In many ways, it’s about figuring out how to squeeze more money from customers during a tough time for banks to make money, given the meager rate environment.
Bank of America plans to trim nearly 20 percent of its brick and mortar retail branch network—a process which effectively began back in 2009. The bank has already reduced its retail branches by 950 branches, or 15.5 percent over the past four years and is aiming to cut about 150 more in 2014. At the same time, it’s spending about $3 billion a year to improve its technology and infrastructure around mobile and banking.
“Use of alternative delivery channels [e.g., mobile banking] is increasing,” said Moody’s analyst Allen Tischler. “We’re seeing less square footage and more focus on sales and services, as opposed to traditional teller transactions.”
About 20% of all banking transactions are conducted using paper checks, down from 60% in the early 2000, Albertazzi said.
Not every bank is scaling bank in the face of the digitalization of banking. JP Morgan Chase has increased its number of branches by nearly 9 percent to 5,630 at the end of last year from 5,154 branches in 2009 (the bank inherited Washington Mutual branches when it acquired the troubled institution from the FDIC in 2008).
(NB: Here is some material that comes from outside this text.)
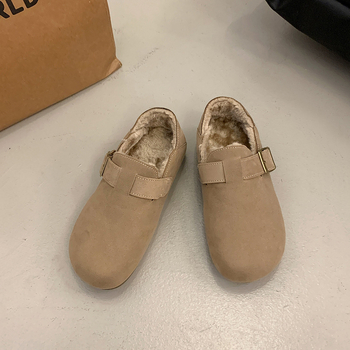 Ženske slip-on plošne cipele u Birkenstock stilu, podstavljene fleeceom, nubuk koža na gornjoj strani, gumena potplat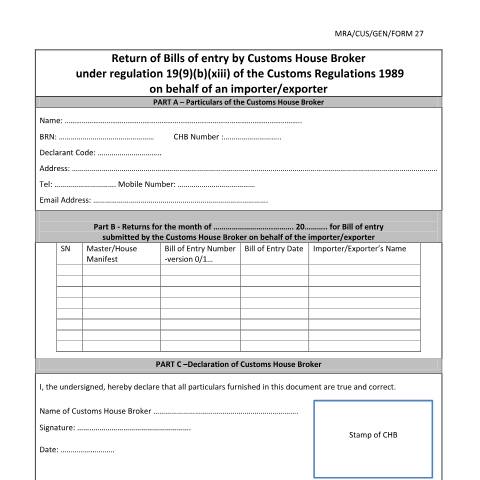 Document preview: Return from Broker on behalf of importer (Reg 19)&nbsp;Forms — Form, Mauritius (CERFA n°MRA-CUS-GEN-FORM27)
That said, the bank has been investing heavily in technology and believes that mobile and online transactions are one of its fastest growing area in retail banking, according to a spokeswoman.
Moody’s Tischler also noted in a recent research report that lenders like US Bancorp are growing their bank branches selectively as a way to increase market share at a time when big financial mergers are hampered by tougher financial regulation.